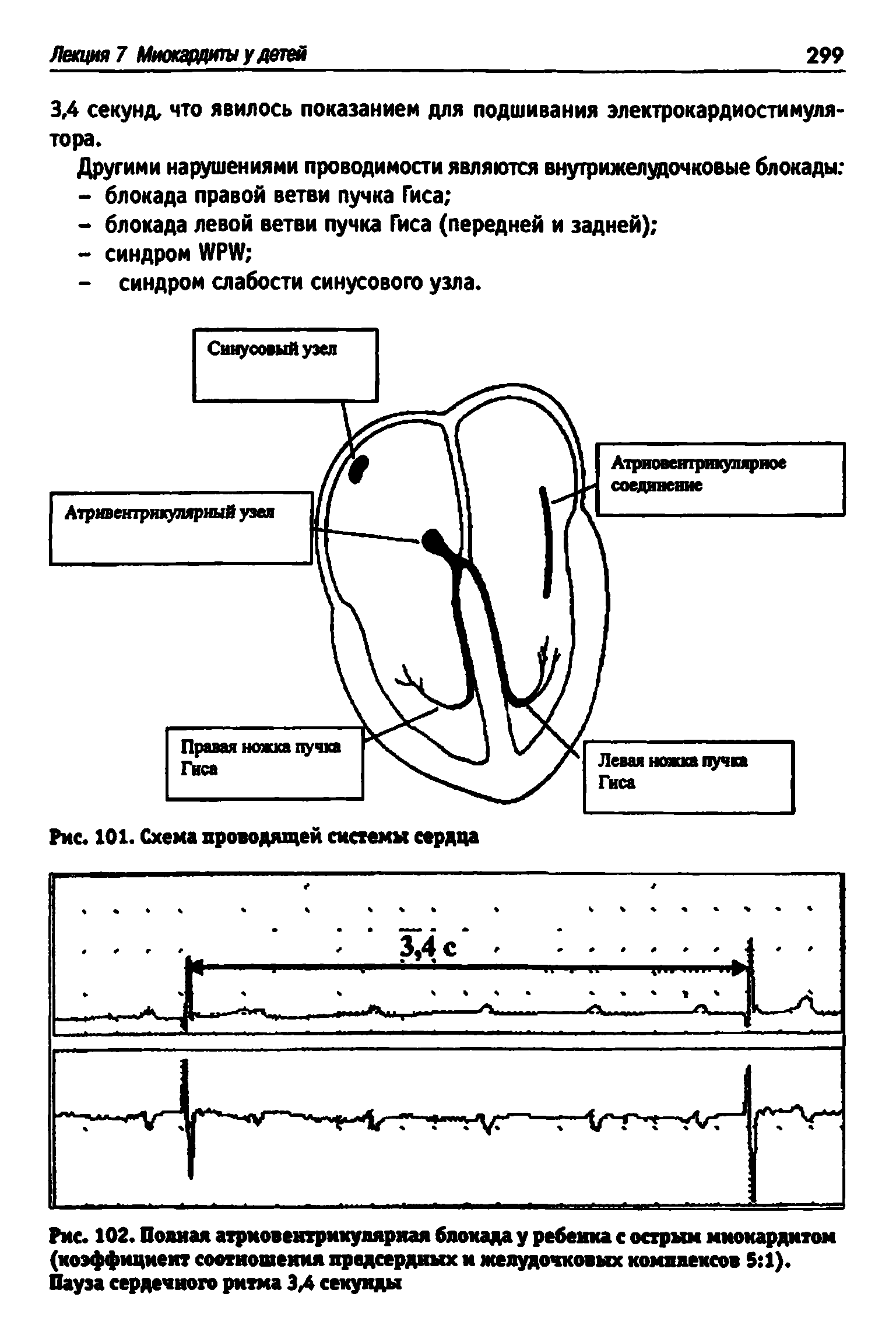 Рис. 102. Полная атриовентрикулярная блокада у ребенка с острый миокардитом (коэффициент соотношении предсердных и желудочковых комплексов 5 1). Пауза сердечного ритма ЗЛ секунды...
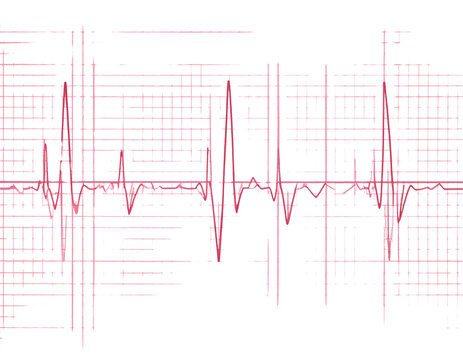 ECG Heartbeat Tracing on Graph Paper with Regular Sinus Rhythm, Isolated on Transparent Background PNG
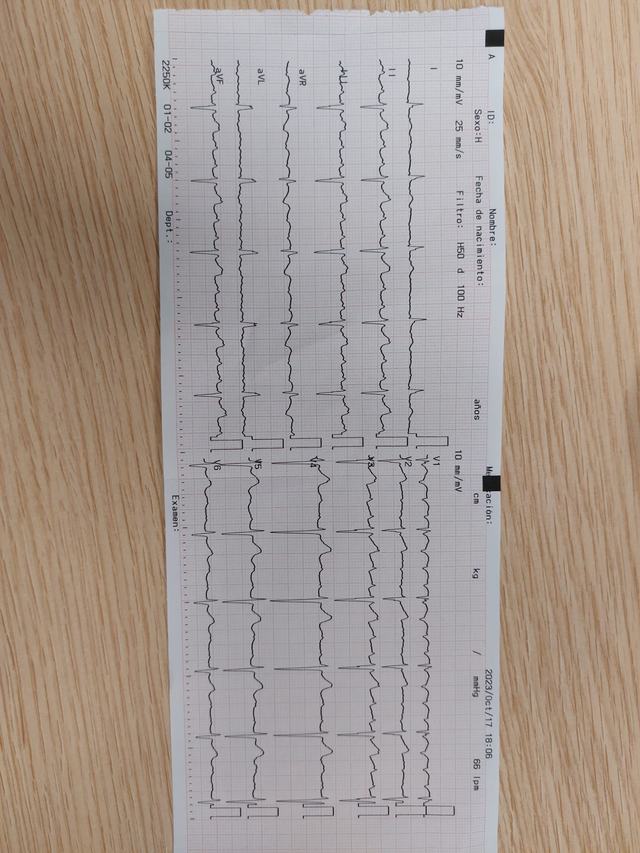 ECG: Flutter auricular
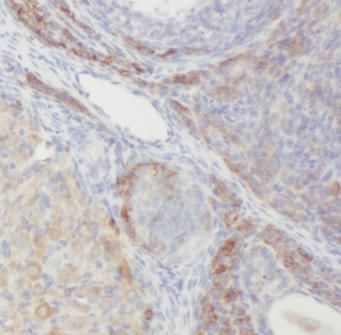 GPR177/WLS Antibody - BSA Free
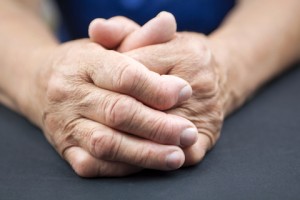 http://www.dreamstime.com/stock-images-rheumatoid-arthritis-hands-woman-deformed-blue-background-image41407224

______

Exercise requirements
Every record above should be written out again exactly; the pictures stay out of the copy.

Task answer
 Рис. 102. Полная атриовентрикулярная блокада у ребенка с острый миокардитом (коэффициент соотношении предсердных и желудочковых комплексов 5 1). Пауза сердечного ритма ЗЛ секунды...
 ECG Heartbeat Tracing on Graph Paper with Regular Sinus Rhythm, Isolated on Transparent Background PNG
 ECG: Flutter auricular
 GPR177/WLS Antibody - BSA Free
 http://www.dreamstime.com/stock-images-rheumatoid-arthritis-hands-woman-deformed-blue-background-image41407224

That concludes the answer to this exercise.